“A mudança política ocorrida na Casa Branca está a gerar muita perplexidade lá e cá, mas mantém-se o mesmo sentimento de pertença e a proximidade entre os Açores e os Estados Unidos.”
Estamos a quinze dias do ato eleitoral.
Durante a pré-campanha as forças políticas candidatas têm sido parcas em discutir as grandes questões com que, presentemente, se confronta a humanidade, face à rutura nas relações comerciais e à mudança de paradigma na diplomacia norte-americana imposta pelo novo inquilino da Casa Branca. Não é possível afastar este tema do debate político.
Na Região Autónoma dos Açores, arquipélago-fronteira da Europa no Atlântico Norte – o tema é de relevância crescente, devido à anunciada intenção de Trump em desenhar uma nova arquitectura geopolítica mundial, absorvendo regiões com soberania própria no hemisfério norte.
Não se conhece nenhuma pública menção quanto ao que pretende e pensa a Casa Branca sobre os Açores. Todavia, a incerteza da continuidade dos Estados Unidos na NATO nos moldes em que funcionou até agora e que papel está reservado à Base das Lajes na nova geoestratégia militar norte-americana, geram fundadas dúvidas. De Trump que repentinamente muda de ideias e recorre a alternativas momentâneas para levar por diante os seus intentos de dominador esta zona do mundo, tudo se pode esperar.
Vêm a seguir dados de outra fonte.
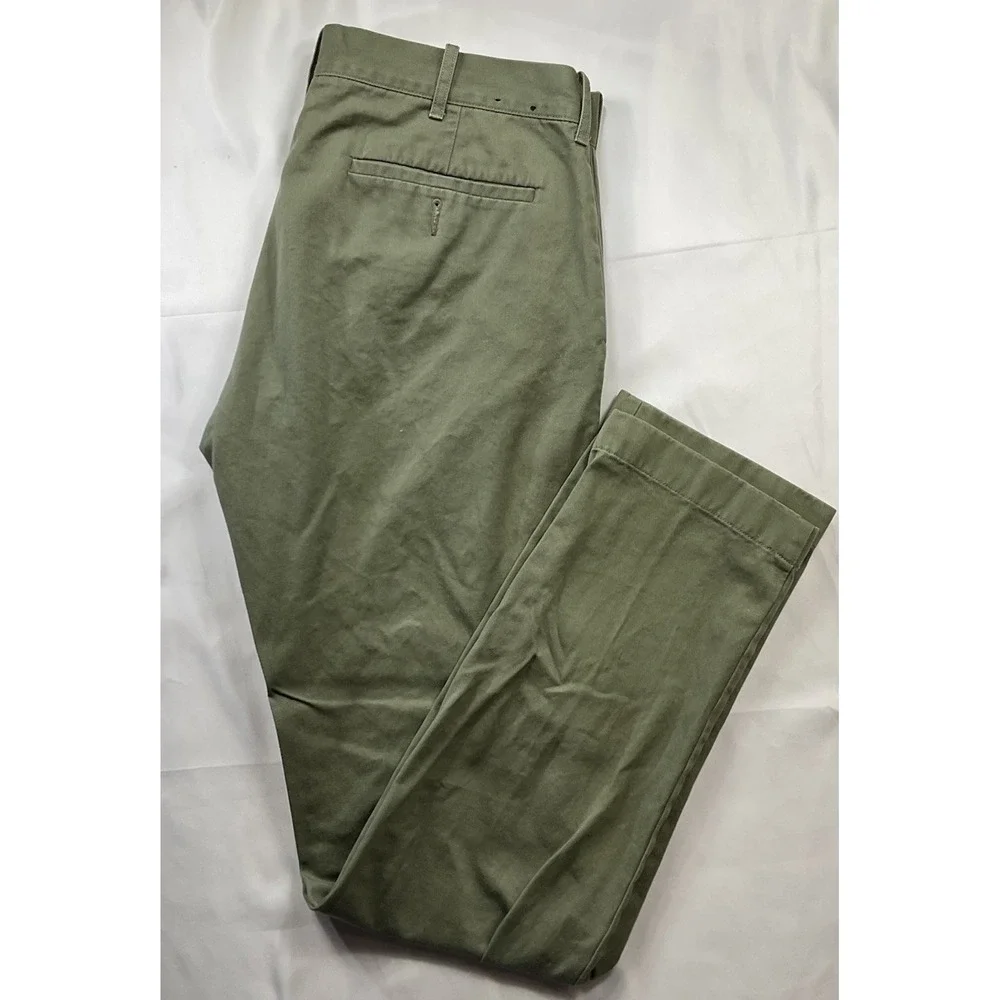 J Crew The Driggs Chino Pants Mens 34X34 Green Slim Tapered Flat Front Casual 23
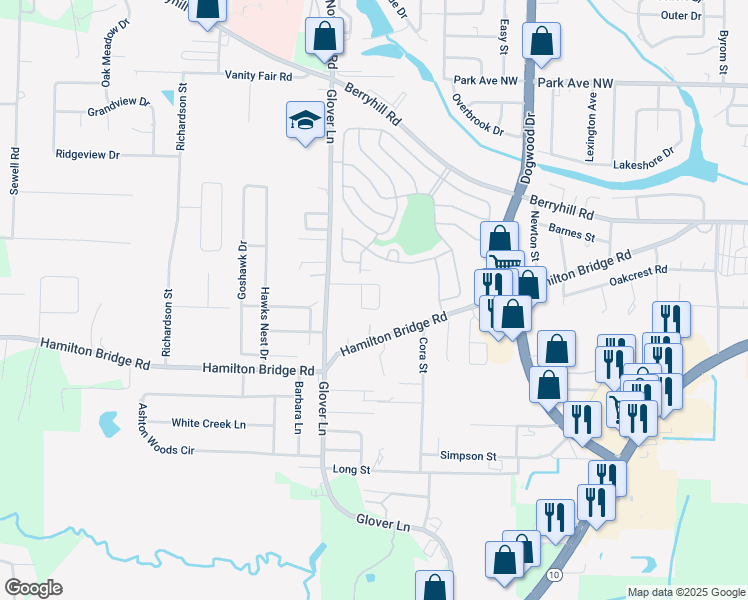 map of restaurants, bars, coffee shops, grocery stores, and more near 6295 Cottage Woods Drive in Milton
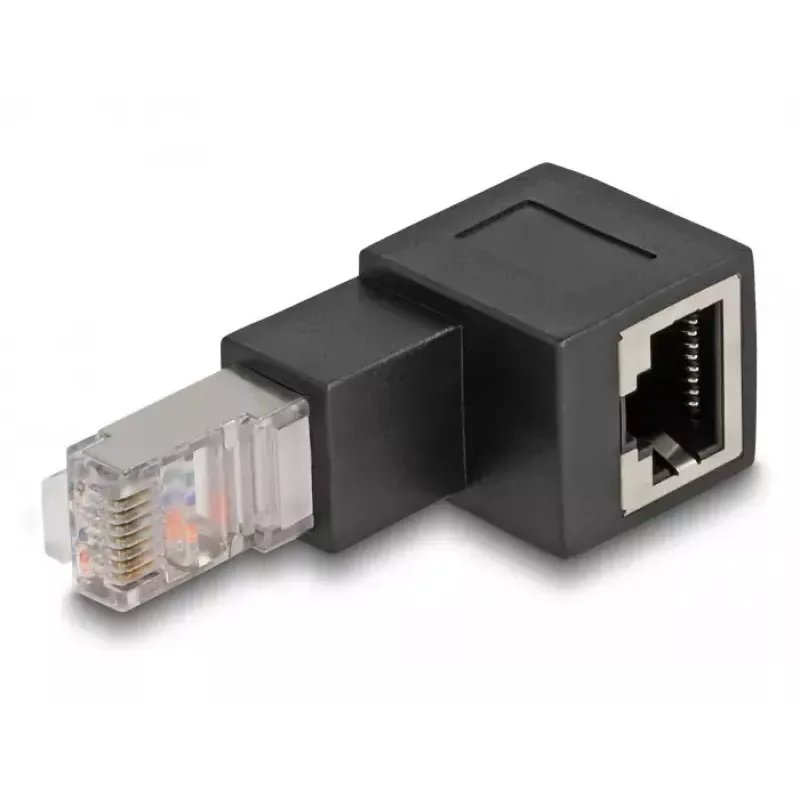 DeLOCK Adapter RJ45 wtyk do gniazda RJ45 Kat.6A 90° w dół kątowy
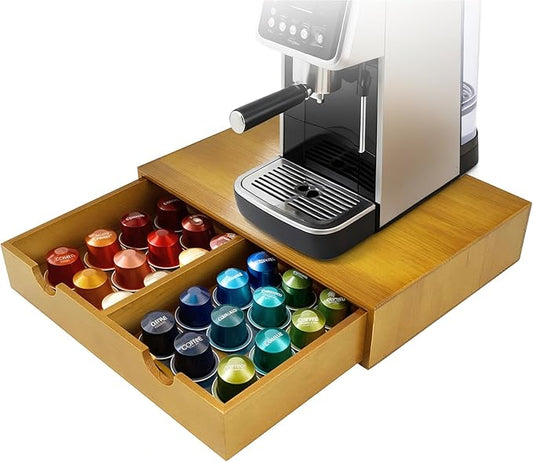 Coffee Pod 15" X 11" X 3" Natural Wood Countertop Organizer Drawer, Counter Top Espresso Tea Bag Station Storage Holder Box, Brown by KISENG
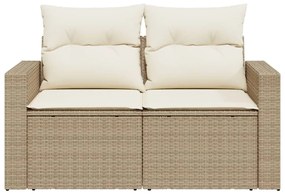 Divano da giardino con cuscini a 2 posti beige in polyrattan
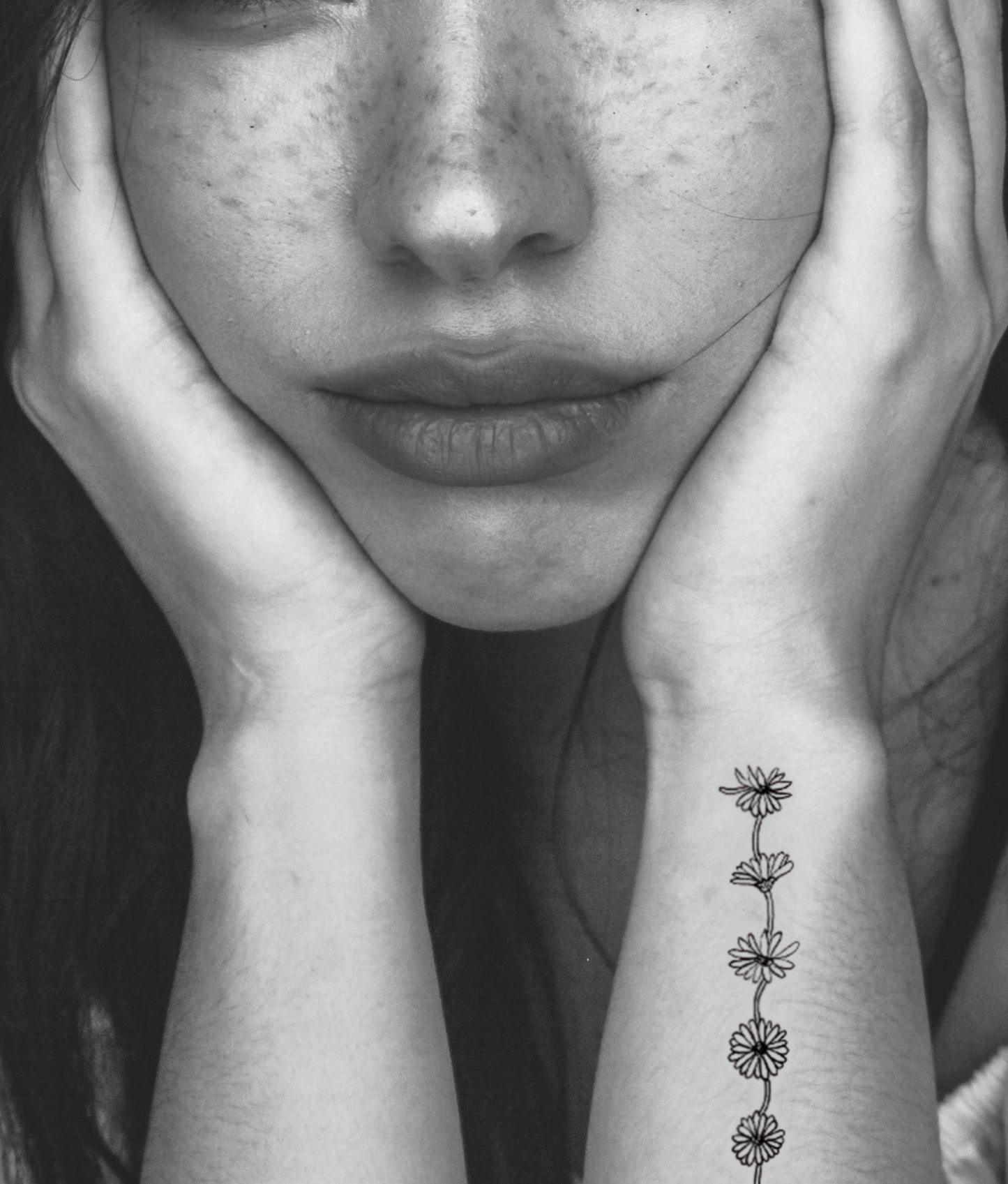 Tatouage temporaire de collier de marguerites (lot de 2) - encredelicate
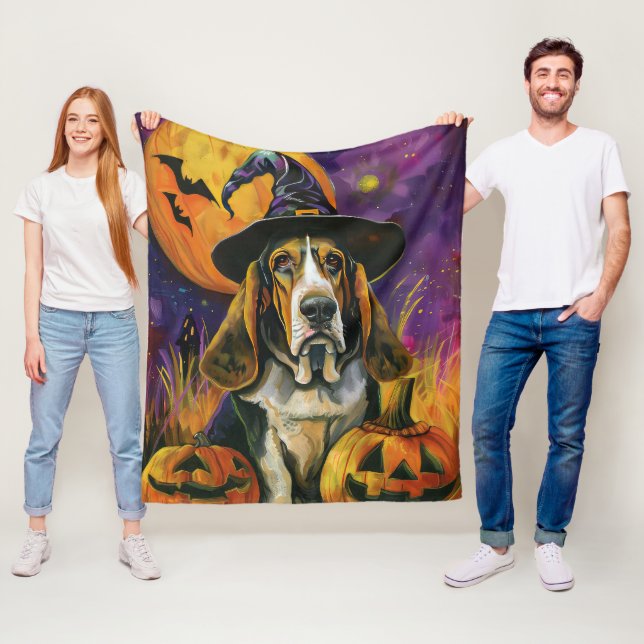 Spooky Basset Hound Halloween Witch And Pumpkin Fleece Blanket (In Situ)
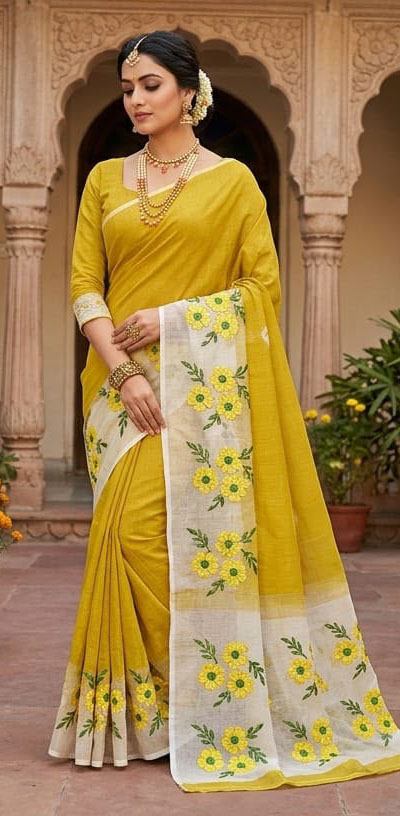 Sunflower Yellow Floral Embroidery in Golden Yellow and Green Hues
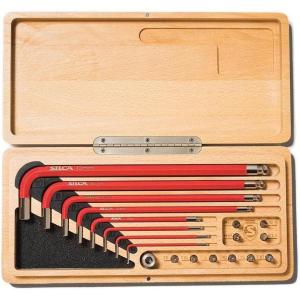 image:imageSILCA HXONE Home Allen Key Set  L  Wrench Tool KIT  Texture Coated Swiss tool Steel  Magnetic 6mm Driver for included 14 bits  Metric HEXTORX  CNC machined Wood Case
Quem está atento ao desenrolar da política internacional depara-se, frequentemente, com comentadores de reconhecida competência a confirmarem a dificuldade de prever o que pretende o Presidente dos EUA e a sua equipa diplomática, tão ziguezagueantes são as linhas de atuação.
Perante esta indefinição é importante as autoridades regionais e nacionais procurarem respostas junto dos políticos e da administração americana sobre o que pensam da sua estadia militar nos Açores e da histórica e centenária presença diplomática, desde há 225 anos, em contínuo funcionamento, neste arquipélago. O consulado, o mais antigo do mundo, foi aprovado pelo Presidente George Washington, em 1795, devido à relevância dos Açores no tráfego marítimo com a França e no apoio à atividade baleeira dos EUA no Atlântico.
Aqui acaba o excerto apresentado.